If you’ve ever wondered where some of the spectacular motion shots of race cars on track come from, chances are, it’s from a photographer hanging out the back of an open van. Sound nuts? Looks nuts. A simple yet meaty harness is the only thing keeping the photographer out of the car’s grille behind him.
We’ve featured a clip of this sort of thing before, but it was hard to tell exactly what’s going on in that video, and IMSA may have taken issue with the idea that the photography van might have hit 120 mph. So, TRG-Aston Martin Racing decided to make a more detailed video at this year’s Roar Before the Rolex 24 showing how they take awesome photos on track.
According to TRG, the van does nowhere near 120 mph, however, the photographer’s lens sometimes gets as close as 12 inches from the grille of the car behind it. The Roar Before the Rolex 24 is a test weekend before the start of the IMSA WeatherTech Sportscar Championship season opener at Daytona. At that time, photographers are given special clearance to take on-track shots of race cars at moderate speeds (read: totally not above the top speed of a minivan).
The use of a slow shutter speed allows the photographer to get loads of motion blur without having to actually travel at flat-out speeds around Daytona’s banking.
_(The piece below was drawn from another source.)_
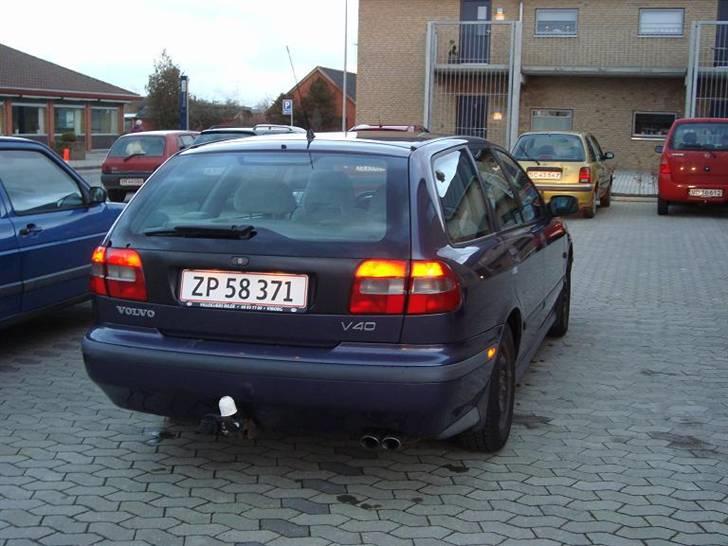 Volvo V40  billede 6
Once photographer Brian Cleary is strapped in to the back of the van, TRG driver Lars Viljoen follows Cleary’s hand signals around the track to put the car in just the right position for the perfect shot. Per TRG, one of the directions Cleary had for Viljoen was “Don’t be afraid to get as close to the van as possible while we’re out there – trust me.”
When it’s all over with, you end up with a beautiful tracking shot like this one of TRG’s fantastic Aston Martin Vantage GT3:
Yeah, I’d dangle out of the back of a van for that, too.